The underlying structure of the scriptures nevertheless remained difficult to discern, and according to traditional history that difficulty led the young Asaṅga in the fourth century to propitiate Maitreya in a series of long retreats, culminating after much difficulty and frustration in his receiving from Maitreya a set of five teachings of which one, The Ornament of Clear Realization (Abhisamayālaṃkāra, Toh 3786), provided a key to understanding the eight successive main topics and their seventy subdivisions that can be distinguished in the unfolding of the long sūtras. These longer sūtras eventually became known as the “six mothers,”6 since they all cover the same complete range of topics identified in Maitreya-Asaṅga’s treatise. The message of these sūtras thus came to be seen not simply as the relentless deconstruction of all conceptual elaborations with respect to phenomena that is explicitly emphasized throughout them, but also—implied in the ordering of their statements—a structured path by which bodhisattvas should understand and put the perfection of wisdom into practice. A large number of further commentaries based on The Ornament of Clear Realization were composed and studied in the great monastic universities of late Indian Buddhism.
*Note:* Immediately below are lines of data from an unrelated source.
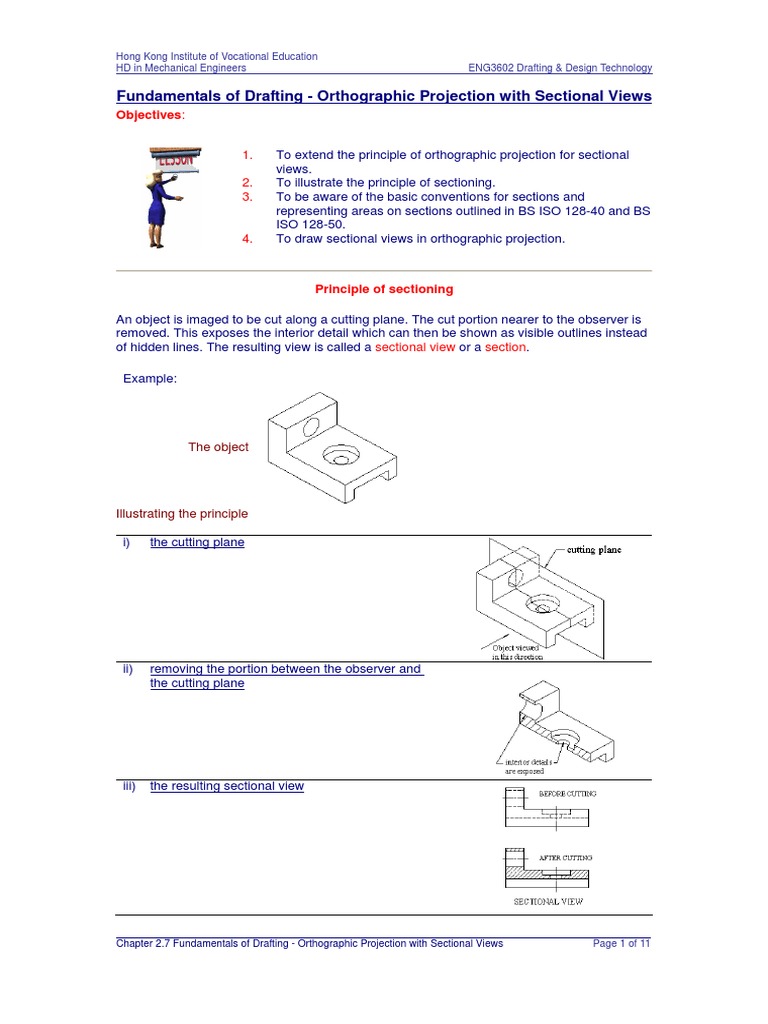 Fundamentals of Drafting Orthographic Projection With Sectional Views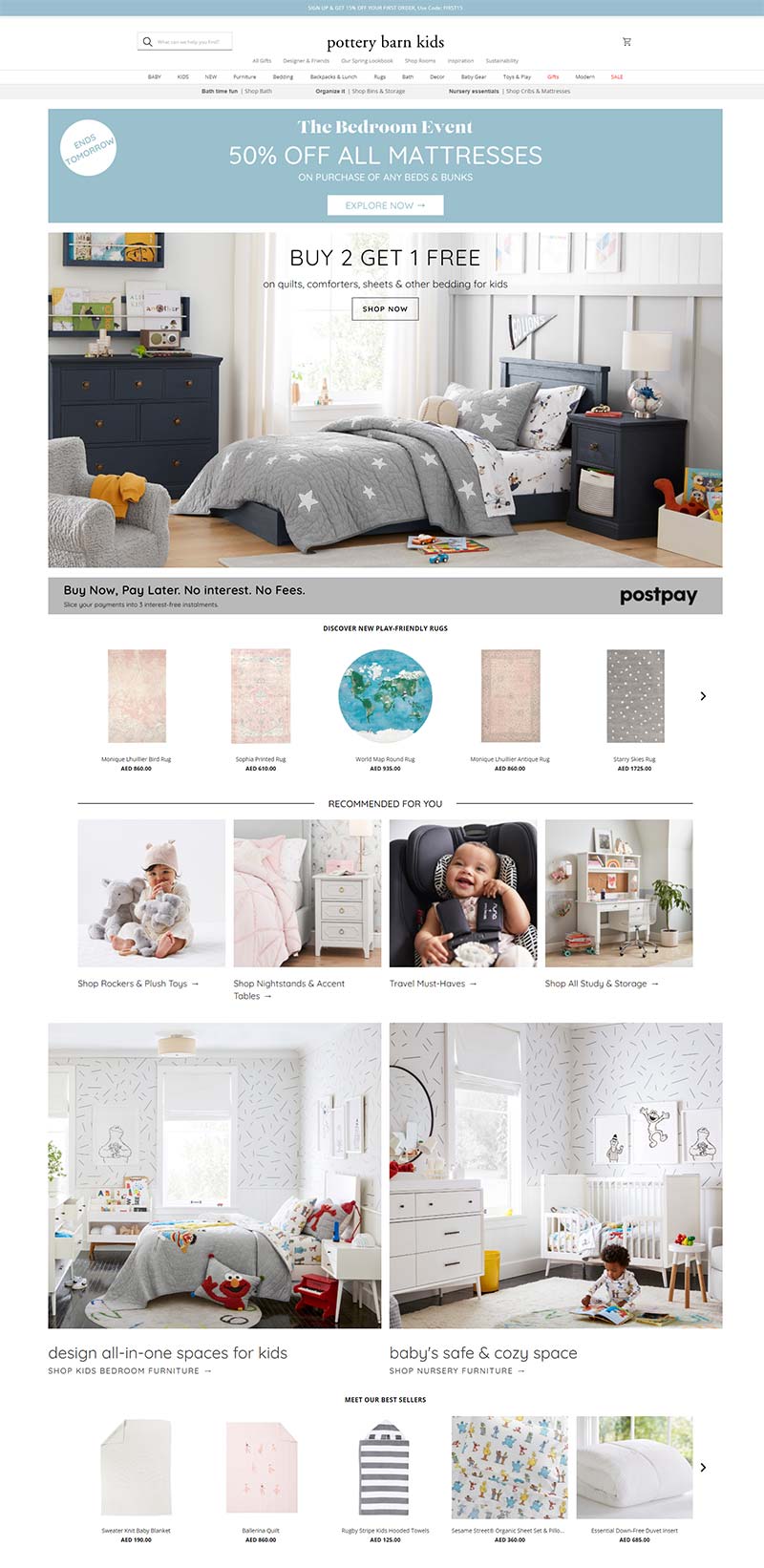 Pottery Barn Kids 美国儿童家居品牌购物网站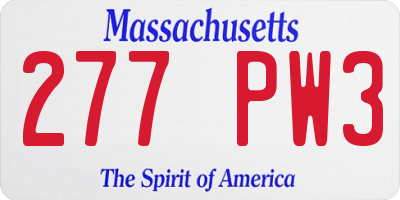 MA license plate 277PW3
In brief, as elaborated below, the Perfection of Wisdom sūtras have served as a major influence underlying all of Mahāyāna thought and practice, contributing to both of the two great traditions, the profound and the vast. The earlier reception of these works in India inspired Nāgārjuna’s “profound” writings on Madhyamaka dialectics and led, particularly in East Asia, to the non-analytical meditative pursuits of the Chan (Zen) tradition. Later, following the appearance of The Ornament of Clear Realization, they became the foundation on which the treatises of Asaṅga and his successors grew into the “vast” Yogācāra school.
History
The six most complete works of this set of scriptures, which include the five longest and are known as the “six mothers” (as mentioned above, and listed below) are all held to be records of the same single discourse condensed to different degrees to render them suitable for different audiences. Traditional accounts speak of further, even longer versions that, following their promulgation by Śākyamuni, were concealed in non-human realms—the longest Sūtra in One Billion Lines among the gandharvas, the Sūtra in Ten Million Lines among the devas, and the Sūtra in One Hundred Thousand Lines among the nāgas—the last of these being retrieved and revealed by Nāgārjuna from the ocean depths and initially propagated in South India.
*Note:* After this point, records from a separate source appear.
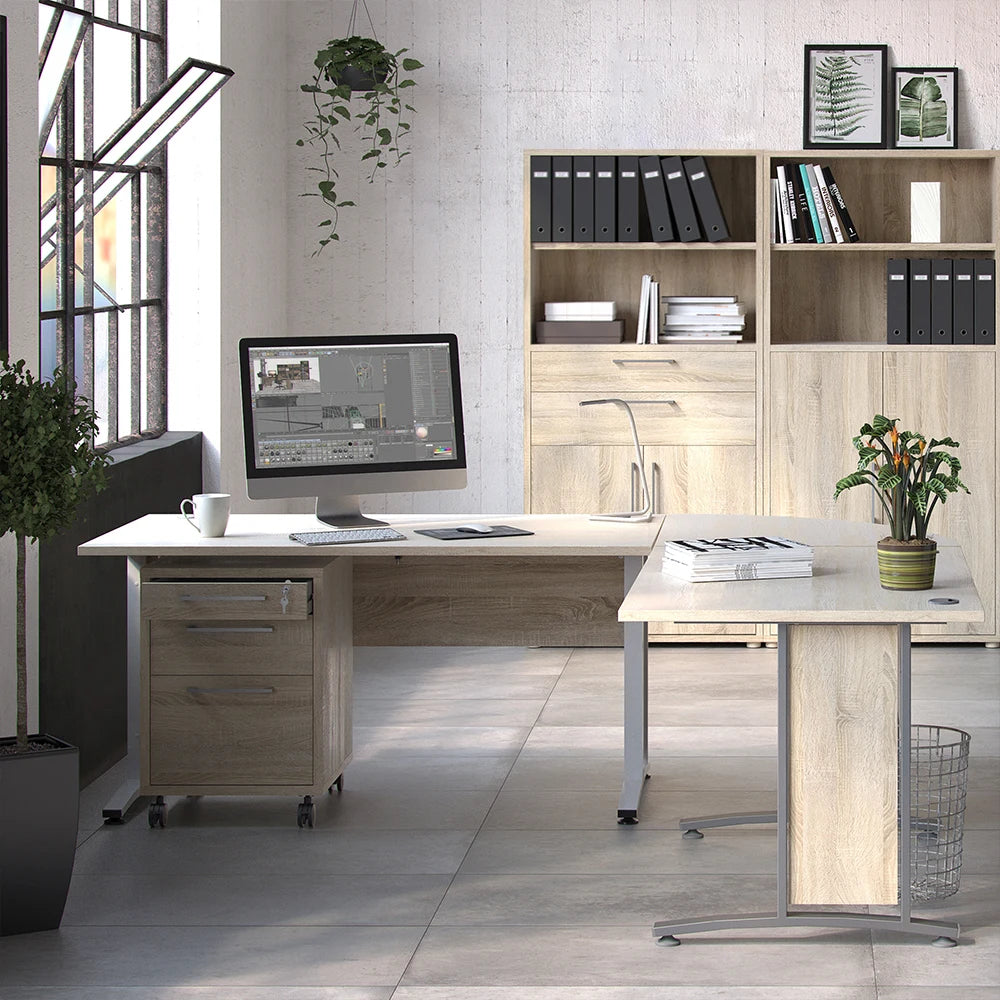 Prima Bookcase 2 Shelves with 2 Drawers and 2 Doors in Oak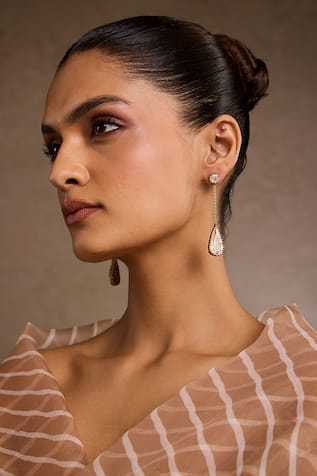 Tarun Tahiliani Pear Silver Danglers 
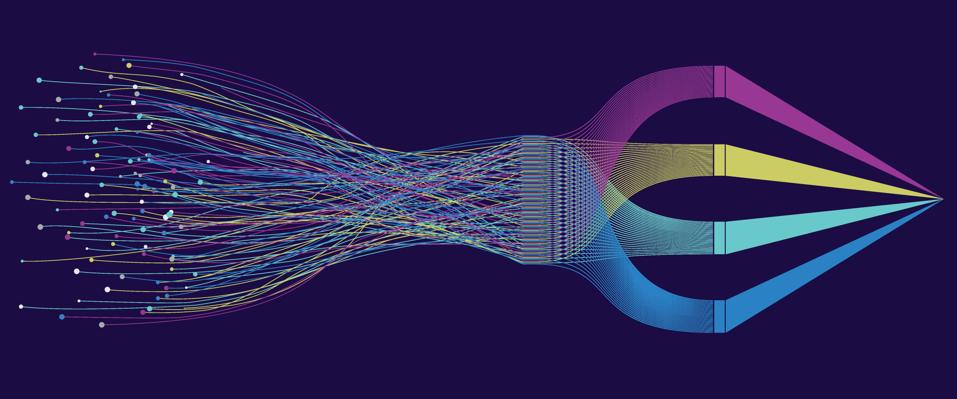September 16 Brightens Our Path To Prosocial AI 3 Big Data visualization. Structuring chaotic points with lines. Geometric abstract blue background.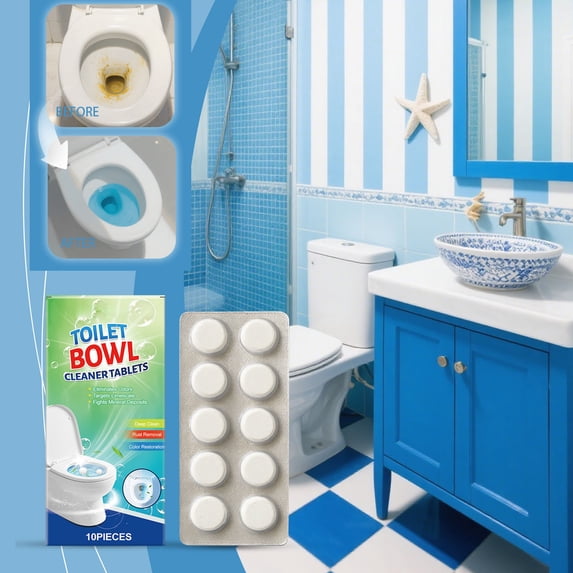 Toilet Descaling Tablets | Limescale & Stain Remover | Odor Eliminator | High-Efficiency Deep Cleaning | Universal Fit | 1 Count | Fresh Scent for Sparkling Toilets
From a historian’s perspective, much remains unknown about the earliest history of these works and what little can be surmized about their oral transmission. Scholars have disagreed about which of the geographically dispersed Buddhist communities may have first given rise to the Perfection of Wisdom literature, some favoring its origin among the Mahāsāṅghikas of Andhra in the south of India, while others point to evidence of its early flourishing in the northwest regions such as Gandhāra. While the Tibetan and Chinese traditions consider the Hundred Thousand to be the source of the other twenty-two, because it contains the most detailed exposition, traditional scholars in Nepal see the Eight Thousand as the original scripture from which the longer and shorter versions were derived by elaboration or condensation. The available philological evidence tends to supports this latter view, and most modern scholars have concluded that texts resembling the Eight Thousand probably represent the earliest form of the multiplicity of these scriptures.
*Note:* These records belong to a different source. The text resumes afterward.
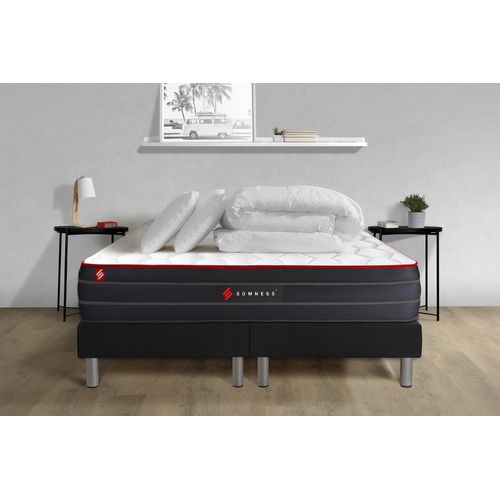 Ensemble Matelas Boost 200x200 + Double Sommiers Noir 100x200 + Couette + 2 Oreillers - Ressorts Ens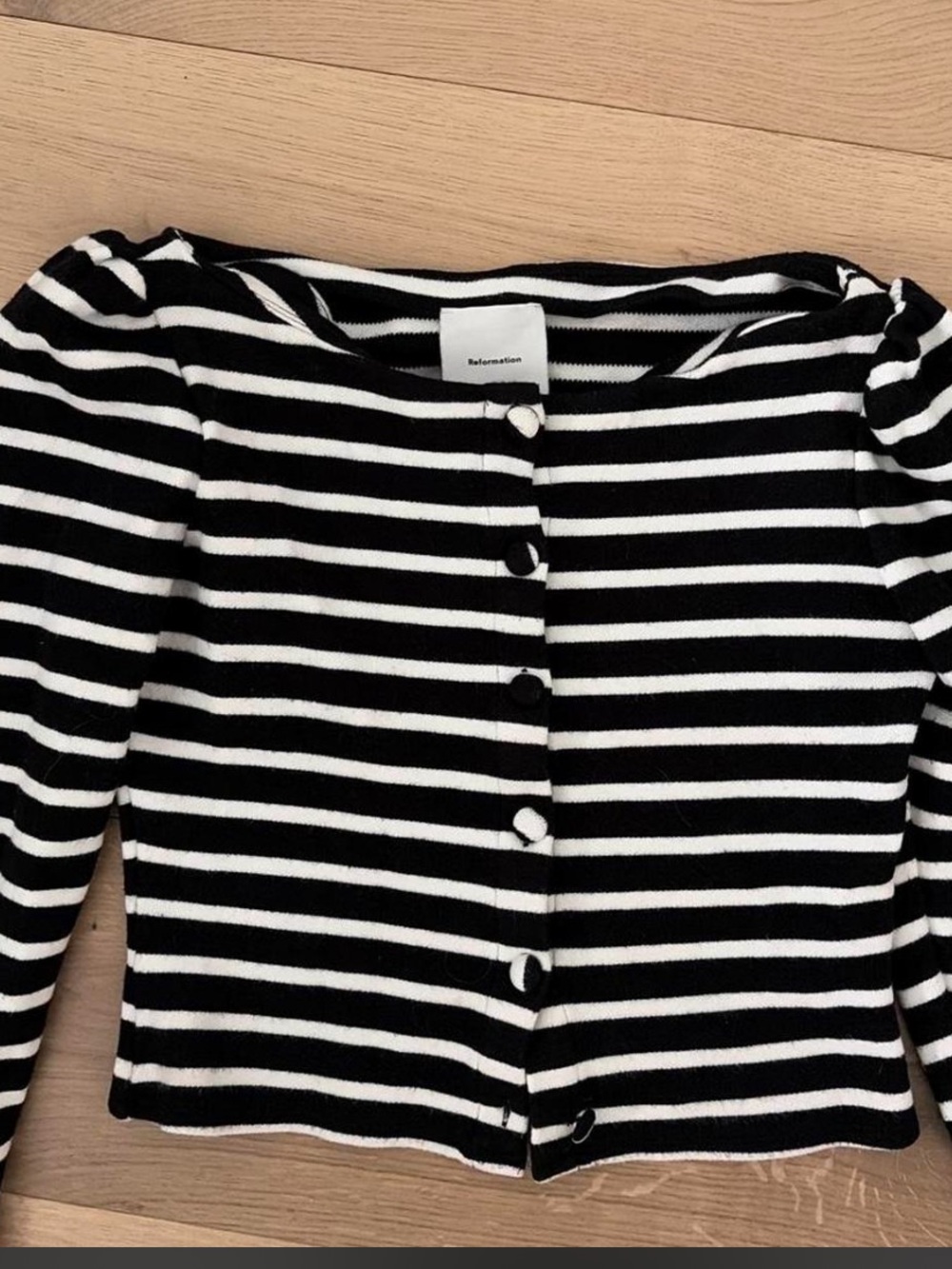 Reformation Lennox Button Up Black & White Striped Cardigan Top M - Picture 4 of 5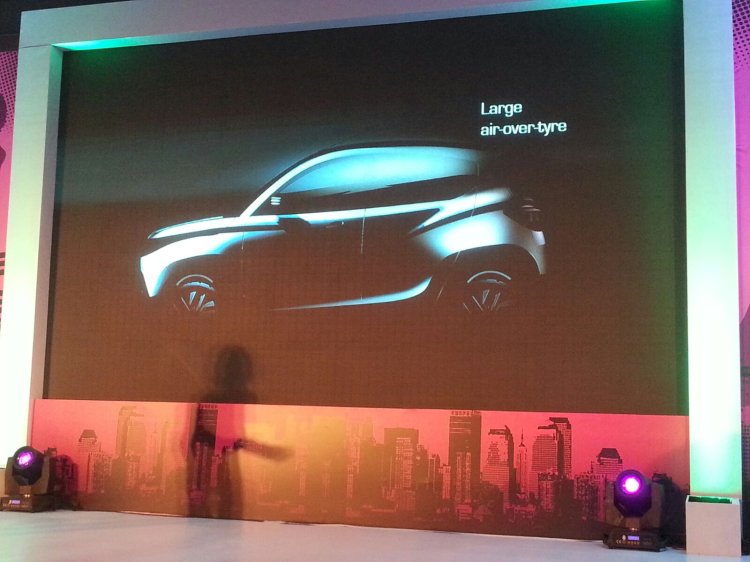 Mahindra KUV100 side view sketch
The earliest known manuscript is the fragment of a birch-bark scroll from the northwest, found in Bajaur (in present-day Pakistan near the Afghan border), dated to the first century ᴄᴇ. Like most of the earliest birch-bark scrolls from the region it is in the Gāndhārī language, written in Kharoṣṭhī script. The two short portions of the sūtra it contains cannot be matched to any recension among the known versions of the sūtras, but perhaps belongs to the subfamily we identify today with The Transcendent Perfection of Wisdom in Eight Thousand Lines. Somewhat later manuscript fragments found near Bamiyan (in Afghanistan) and dated to the second half of the third century are more closely comparable to the Eight Thousand, and these early manuscripts may therefore represent an intermediate stage during the evolution of these works from even earlier Prakrit versions into the differentiated sūtras we know today, in their Chinese and Tibetan translations, and in the later Sanskrit texts preserved mainly in Nepal.
The history of translations into Chinese also points to the Eight Thousand being the earliest form of the scripture that was widely propagated; four successively longer versions of it were translated in the late second, early third, late fourth, and early fifth centuries, respectively. Turning to the longer versions, the earliest evidence of a scripture identifiable as close to the Twenty-Five Thousand comes from Chinese records, which relate how two versions of a Sanskrit manuscript were brought to China from Khotan to be translated in the second half of the third century. The oldest known materially surviving manuscripts of the longer sūtra subfamily are considerably later fragments in Sanskrit or Buddhist Hybrid Sanskrit from Khotan, from Gilgit, and from unknown Central Asian locations, dating from the fifth or sixth century. A full set of the sūtras of different lengths was brought to China from India by Xuanzang and translated into Chinese in the seventh century.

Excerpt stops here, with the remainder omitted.